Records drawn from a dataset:
*****

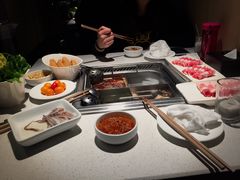 -海底捞火锅(长沙华创国际广场店)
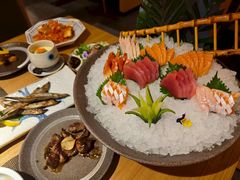 -德川家日本料理(中关村店)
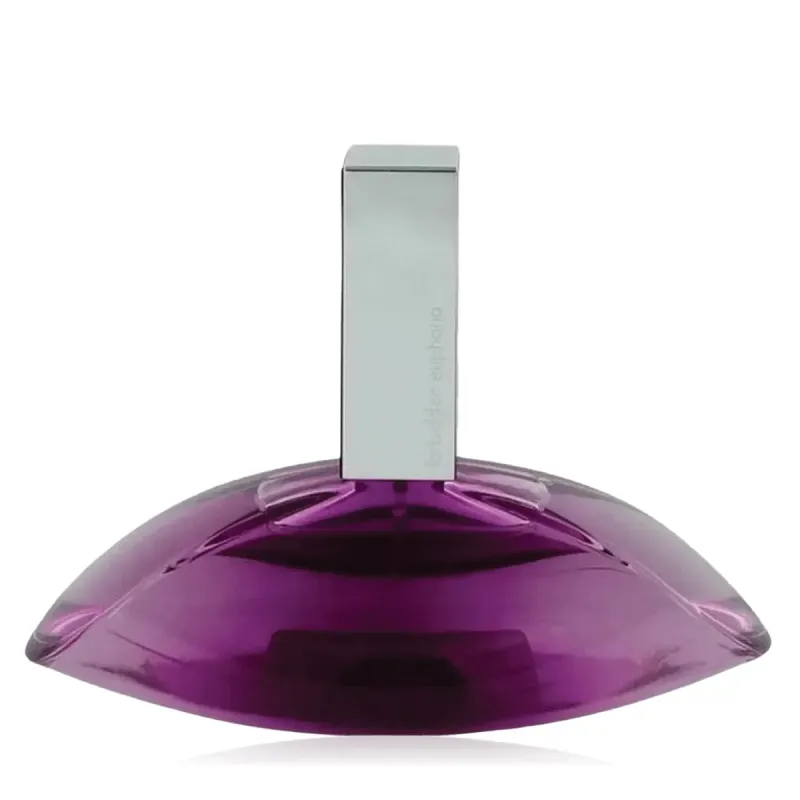 Calvin Klein - Euphoria Forbidden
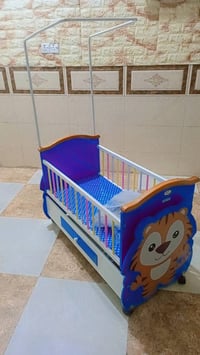 كاروك • جديد • استعمال قليل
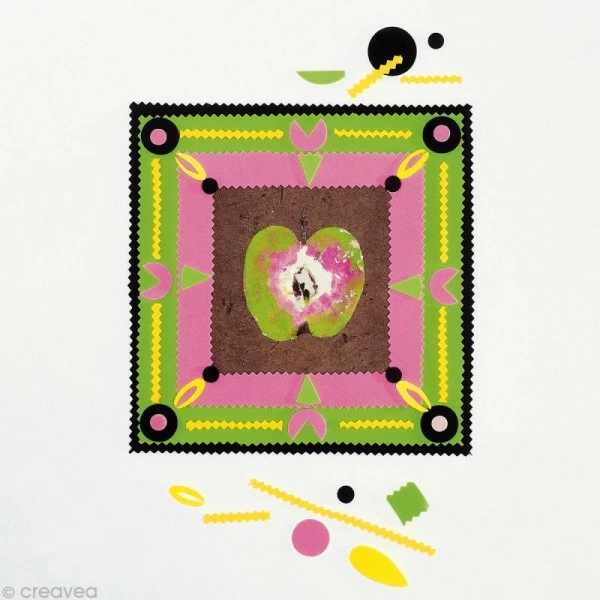 UHU® Colle UHU Creativ' - Mousse à Découper Et Matériaux Souples - 33 Ml 2 UHU® Colle UHU Creativ' - Mousse à Découper Et Matériaux Souples - 33 Ml – Image 2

*****

**WORK REQUEST**.
Wherever an image appears, omit it; copy the rest of the records exactly.

**WRITTEN ANSWER**.
 -海底捞火锅(长沙华创国际广场店)
 -德川家日本料理(中关村店)
 Calvin Klein - Euphoria Forbidden
 كاروك • جديد • استعمال قليل
 UHU® Colle UHU Creativ' - Mousse à Découper Et Matériaux Souples - 33 Ml 2 UHU® Colle UHU Creativ' - Mousse à Découper Et Matériaux Souples - 33 Ml – Image 2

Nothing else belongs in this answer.